## GIVEN DATA

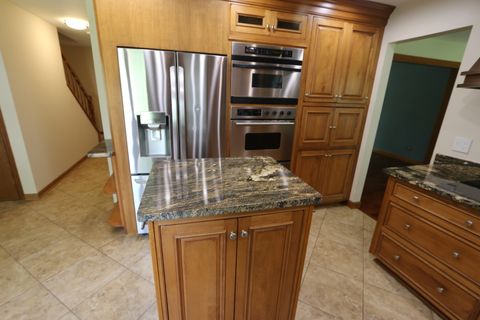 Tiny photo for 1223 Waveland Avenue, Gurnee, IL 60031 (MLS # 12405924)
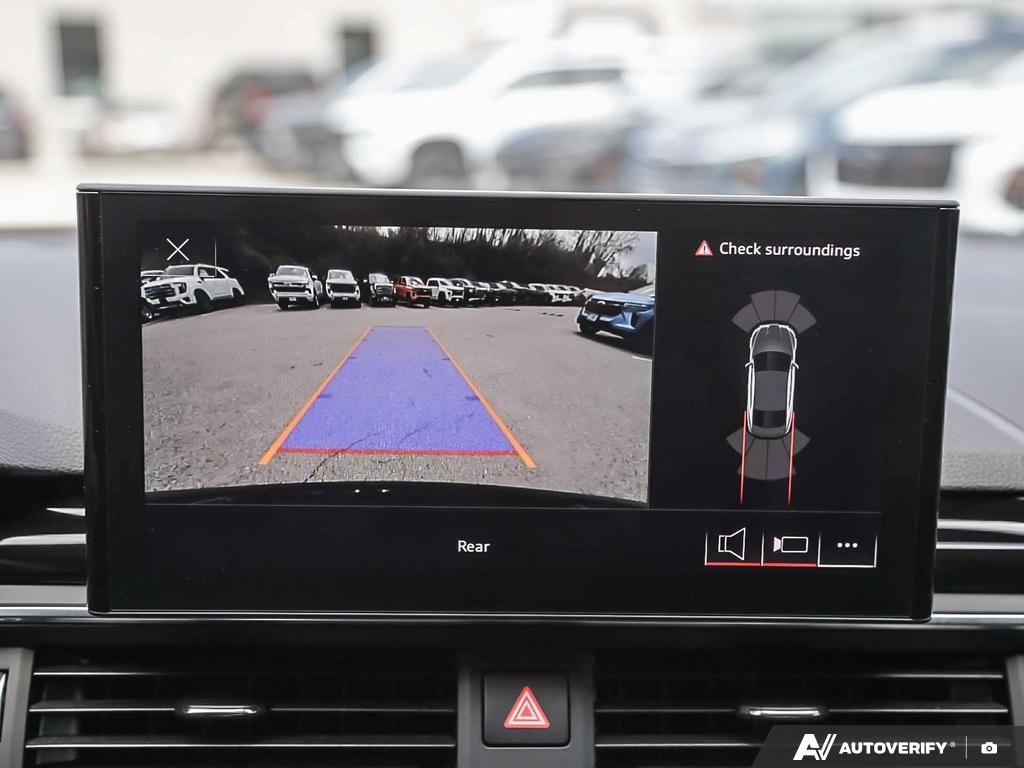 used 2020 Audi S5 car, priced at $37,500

==

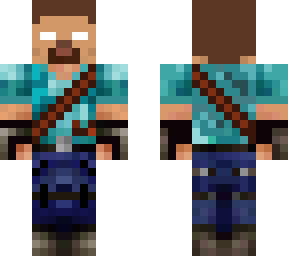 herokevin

* * *

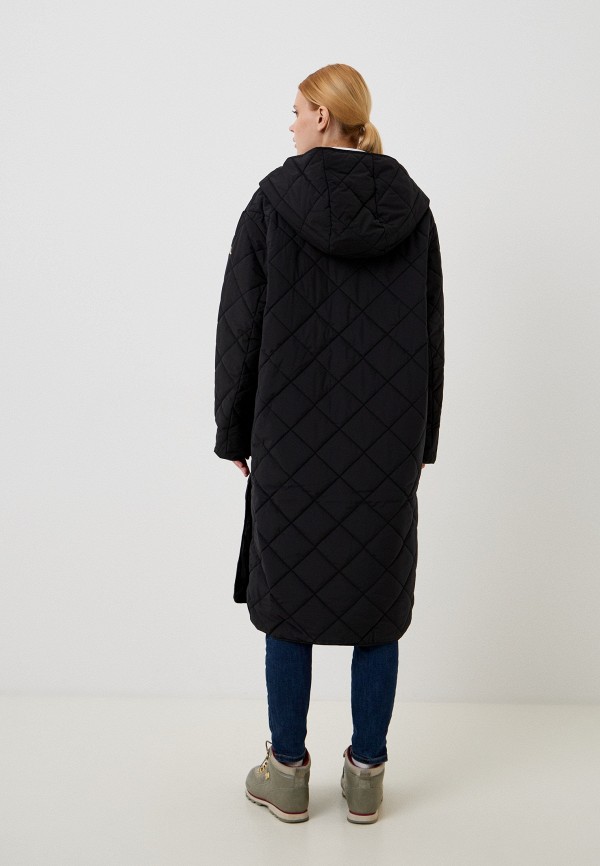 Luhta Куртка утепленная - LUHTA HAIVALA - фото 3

## DESCRIPTION OF THE TASK
Working from the entries above, reproduce exactly and only the lines beginning with the line that has "Tiny photo for" and ending with the line that has "used 2020 Audi S5 car, priced at $37,500"; omit all pictures.

## RESULT BELOW
 Tiny photo for 1223 Waveland Avenue, Gurnee, IL 60031 (MLS # 12405924)
 used 2020 Audi S5 car, priced at $37,500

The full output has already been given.